Personal Search

I regularly find myself thinking, “I know I read a web page about [XYZ] last month, but where the hell was it?” I may be able to remember certain key phrases, and these sometimes help me find it again by using Google or some other search engine. Sometimes I can also find the page by doing a full-text search on my browser cache. (I use the “Find in Files” functionality of TextPad, because Windows’ own search is too slow.) But that doesn’t help if I was looking at the page more than a week or so ago, because it will have dropped out of the cache. (I have my cache set to 1GB.)

What I would really like is “Personal Search.” This would take the form of an extra option on a search engine that would alow me to restrict my searches to only the pages I have visited.

I don’t think it would be too difficult, technically. First of all, you would have to have some mechanism of reporting to the Search Engine Company (SEC) whenever you visit a page on the web. I think the Google Toolbar might already do this. Likewise, it shouldn’t be too hard to build something for Mozilla that would perform this task.

The Search Engine Company would then have to record this page view in a database, and associate it with your personal browsing history. It wouldn’t have to store the whole page itself, because chances are good that the page has already been spidered and is present in its main index already.
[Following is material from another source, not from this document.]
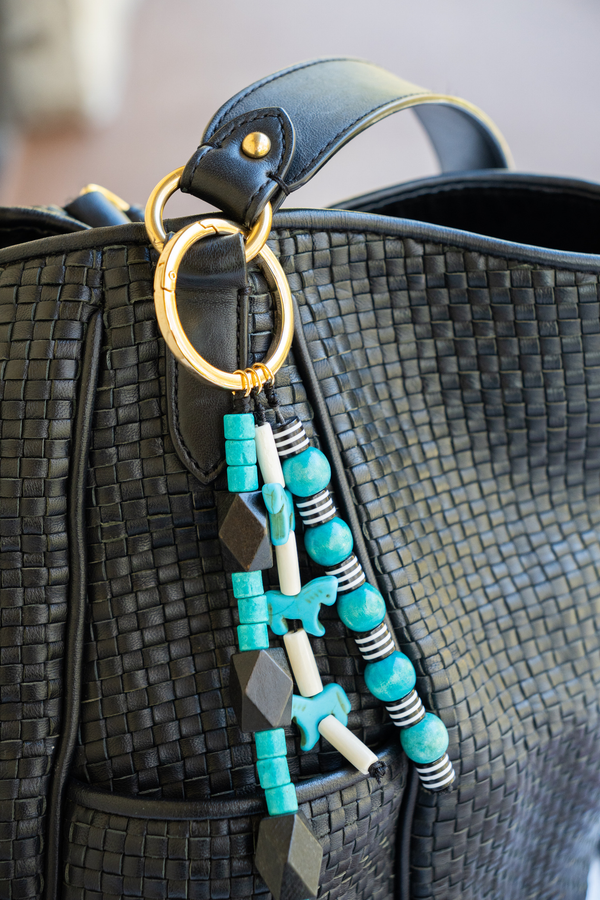 Beaded handbag charm attached to a black handbag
If the page is new to the index, it will have to be added. (No big deal, and this even adds value to the main index as a whole.) Because the SEC only needs to store a list of URLs (and probably timestamps, too) against a user ID, this wouldn’t even take up impossible amounts of disk space.

Next, the SEC has to implement the search filter: whenever I do a search with the “only show results for pages I’ve visited” checkbox ticked, this should limit the search results appropriately, based on my browsing history. And voilà! My own Personal Search results.

There are a couple of down sides to this idea, though. For one, it requires the SEC to keep a complete track of my browsing activity. Depending on legal jurisdictions, this history could be used in ways I’m not entirely happy with. The scheme would have to have some way of turning off indexing completely, or for the duration of a browser session.

Secondly, not all web pages can be indexed by the SEC, and not all pages should be indexed by them, either. (For example, newspaper or magazine archives that require subscriptions.) There isn’t just the preference of the end user (me) to take into account, but also the preference of the web site owner. As a result, I may find that there are still gaps in my Personal Search. However, I think these gaps would still be less annoying than not being able to get back to web page XYZ that I remember from last month.

Finally, there’s a question of cost. To a certain extent, search engines fulfil a public service to the population of the Internet. “Personal Search” would be a service that I imagine people might be willing to pay for. After all, it means you don’t have to manage an enormous search index on your own computer. I could keep all the pages I’ve ever visited in a cache somewhere, but I really don’t want to spend a couple of hundred pounds on disk space every year.

It all sounds too easy. Can someone tell me now why this wouldn’t work? Or alternatively, can you tell me if there are any search engines out there that do this already?